Friday, October 9, 2009

surrogates + updates

I highlighted my day today by watching surrogates with pete!

After the things that have happened recently leading up from yesterday, i felt i learnt alittle something about God's grace and what it meant to experience that grace today. praise Him.

Taking something away from me for a while to teach me a valuable lesson and then blessing me in double amounts back in return.

Some thoughts that came to me yesterday:

How am I appreciating the things/people around me right now? Do I have to wait till something happens before I show concern? Are we humans built to act only when the need arises? What has happened to our soul?

If everything in life that has happened up till now is a significant process of growth and my process of sanctification, there must a reason why God wired me to be who I am today in my thoughts, feelings, actions and nature. And this is no accident. I'm not lousy in anyway. I can't be who somebody wants me to be. I am myself and God created me, me. Unique and created for his pleasure and plans.

There is only one real place of rest. and that is in God. People can try to understand but God fully understands. My mode of communication with God is special and unique.

Whats the reason why am I finding myself rushing to places, not getting enough rest, possibly neglecting the people around me.

Trials are good because they allow me an opportunity to grow. Surrendering is really admitting that I'm worthless so God can work something out in me.
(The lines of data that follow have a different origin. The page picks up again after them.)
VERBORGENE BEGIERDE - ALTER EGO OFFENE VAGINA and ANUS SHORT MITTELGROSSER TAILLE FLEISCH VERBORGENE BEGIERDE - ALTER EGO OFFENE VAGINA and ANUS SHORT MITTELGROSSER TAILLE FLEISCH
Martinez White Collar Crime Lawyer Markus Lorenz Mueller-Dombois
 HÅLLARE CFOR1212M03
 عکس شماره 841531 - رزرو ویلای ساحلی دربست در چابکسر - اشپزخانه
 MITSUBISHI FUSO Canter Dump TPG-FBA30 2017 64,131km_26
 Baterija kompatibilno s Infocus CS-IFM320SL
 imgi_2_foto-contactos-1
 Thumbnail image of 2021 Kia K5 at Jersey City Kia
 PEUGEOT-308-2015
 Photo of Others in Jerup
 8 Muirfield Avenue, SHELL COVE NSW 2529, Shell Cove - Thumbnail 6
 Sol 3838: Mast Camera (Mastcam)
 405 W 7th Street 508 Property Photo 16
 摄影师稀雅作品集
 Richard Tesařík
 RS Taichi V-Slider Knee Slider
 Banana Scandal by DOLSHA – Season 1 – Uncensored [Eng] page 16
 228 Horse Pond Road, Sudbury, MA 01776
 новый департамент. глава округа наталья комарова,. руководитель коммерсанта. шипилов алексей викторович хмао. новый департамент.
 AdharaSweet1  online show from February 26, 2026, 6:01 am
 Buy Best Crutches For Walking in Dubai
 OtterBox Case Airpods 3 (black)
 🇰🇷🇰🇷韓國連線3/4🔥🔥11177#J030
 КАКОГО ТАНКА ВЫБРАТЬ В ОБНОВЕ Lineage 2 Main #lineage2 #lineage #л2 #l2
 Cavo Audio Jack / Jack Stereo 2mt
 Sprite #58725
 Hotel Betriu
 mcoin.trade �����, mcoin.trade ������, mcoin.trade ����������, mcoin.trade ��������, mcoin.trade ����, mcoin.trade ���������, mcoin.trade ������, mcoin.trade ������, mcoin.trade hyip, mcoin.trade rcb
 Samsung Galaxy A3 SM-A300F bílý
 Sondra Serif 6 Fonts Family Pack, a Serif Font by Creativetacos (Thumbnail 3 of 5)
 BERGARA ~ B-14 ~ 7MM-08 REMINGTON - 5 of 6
1 Corinthians 13:13 also spoke to me heaps while i took some time off yesterday...
"And now these three remain: faith, hope and love. But the greatest of these is love."

We can have faith in our God, hope that all will go well with our lives, but if we do not love Him, we are nothing.

If we profess we love God and not take actions to love Him. then we really don't know what we're saying in the first place. Loving means spending time. Time doesn't fly at all. We just need to slow it down.

Its kinda messy but thats how I am. Everything out.